Extracted entries START
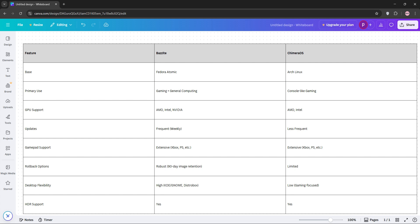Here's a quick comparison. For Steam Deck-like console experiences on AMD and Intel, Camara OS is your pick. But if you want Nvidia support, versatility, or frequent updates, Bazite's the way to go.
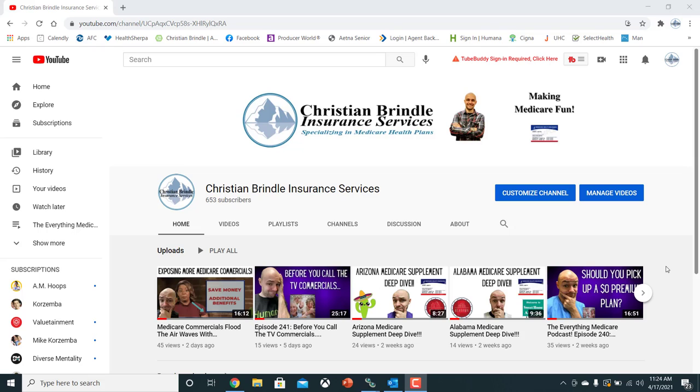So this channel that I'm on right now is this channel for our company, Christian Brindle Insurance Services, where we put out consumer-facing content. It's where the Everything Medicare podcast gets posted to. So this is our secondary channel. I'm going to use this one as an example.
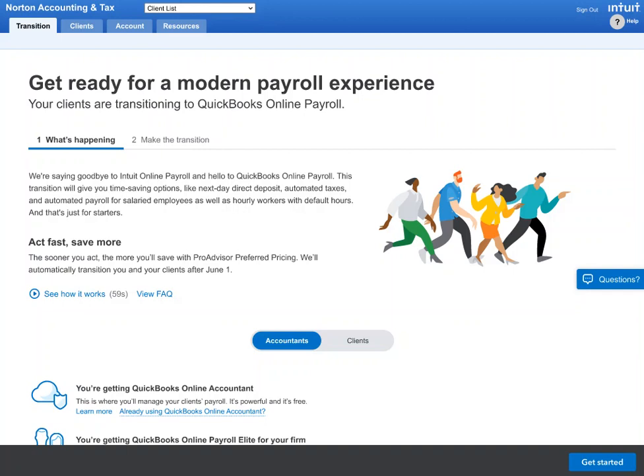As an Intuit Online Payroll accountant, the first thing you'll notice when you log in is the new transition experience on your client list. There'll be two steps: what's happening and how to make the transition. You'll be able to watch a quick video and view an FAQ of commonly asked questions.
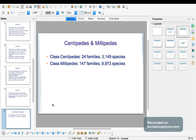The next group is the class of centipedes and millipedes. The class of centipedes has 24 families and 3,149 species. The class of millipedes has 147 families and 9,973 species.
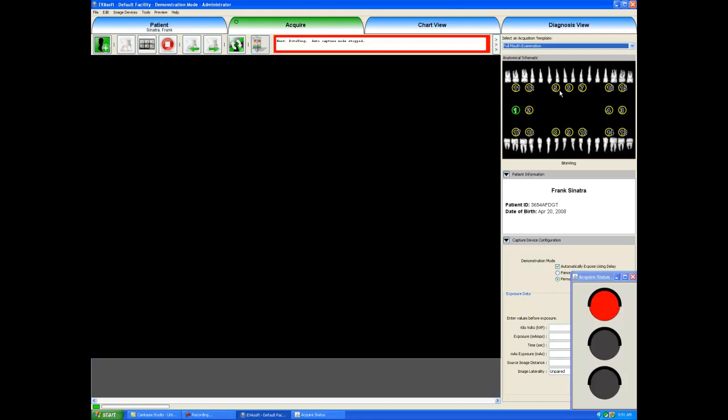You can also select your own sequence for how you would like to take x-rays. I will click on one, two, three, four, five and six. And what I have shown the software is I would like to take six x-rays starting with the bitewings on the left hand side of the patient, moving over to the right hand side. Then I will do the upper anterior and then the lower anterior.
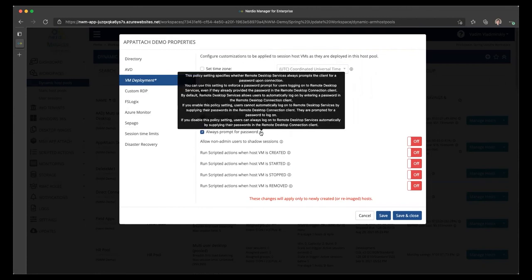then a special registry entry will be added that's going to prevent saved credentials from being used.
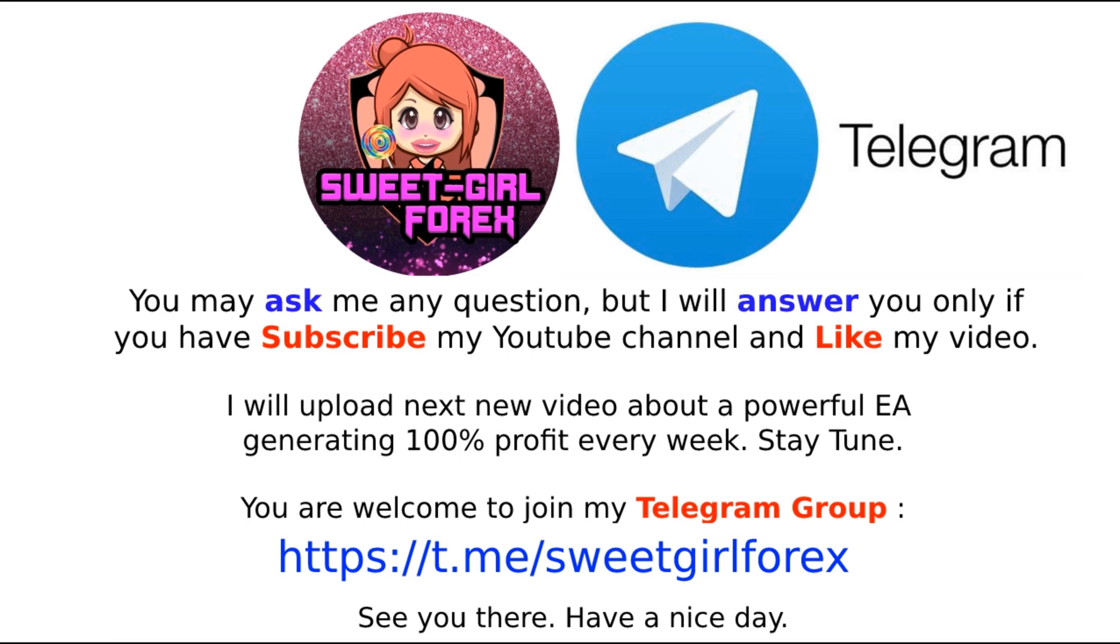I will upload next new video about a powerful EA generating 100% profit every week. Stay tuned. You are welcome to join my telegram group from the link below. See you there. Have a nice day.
Extracted entries END
Exercise brief:
Omit all pictures, and repeat exactly the lines from the line containing "then a special" through the end of the data.

Result below:
then a special registry entry will be added that's going to prevent saved credentials from being used.
I will upload next new video about a powerful EA generating 100% profit every week. Stay tuned. You are welcome to join my telegram group from the link below. See you there. Have a nice day.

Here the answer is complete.